Static hosting use cases:

- Offloading
- Out-of-band pages

---

## Offloading

Use S3 to deliver any media instead of the compute service.

Delivery via S3 is much cheaper when compared to compute service.

So the compute service can return a HTML page, which references static assets hosted in S3.

---

## Out-of-band pages

If the compute service delivering the HTML pages is under maintainence, it will not let us show any page.
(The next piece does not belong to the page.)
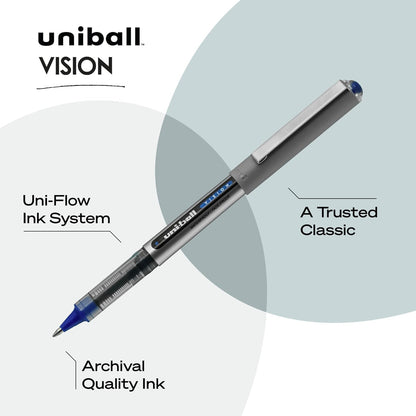 uni-ball Vision Stick Roller Ball Pens, Fine Point, Black Ink, Pack of 4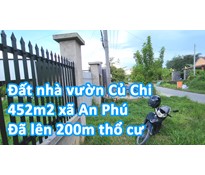 THCC07 Đất Củ Chi làm nhà vườn 452m2 có 200m thổ cư đường nhựa xã An Phú (có sổ hồng riêng)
So, under such maintainence phases, we use something called out-of-band pages. These pages are generally used to show status page or the support page.

---

# S3 Pricing

- Storage cost
  - Pricing is based on every GB of data stored
  - And based on every month its stored under S3
- Data Transfer cost
  - Transfer of data into S3 is always free.
  - For every GB of data that you transfer out of S3, there is a cost associated.
  - And price per 1000 requests
- Static hosting charges
  - Every PUT, COPY, POST and LIST is charged per 1000 requests

## Free Tier

As part of the Free Tier:

- 5GB of standard storage is provided
- 20,000 GET requests
- 2,000 PUT requests

---

# S3 Versioning

Versioning is off by default. Once it is turned on, it cannot be turned off.

- You can only suspend versioning, it cannot go back to disabled state.
- When suspended, old versions still exist. And you will be still billed for them.
- So to save cost you can move the latest version to a new bucket or purge the older versions from the existing bucket.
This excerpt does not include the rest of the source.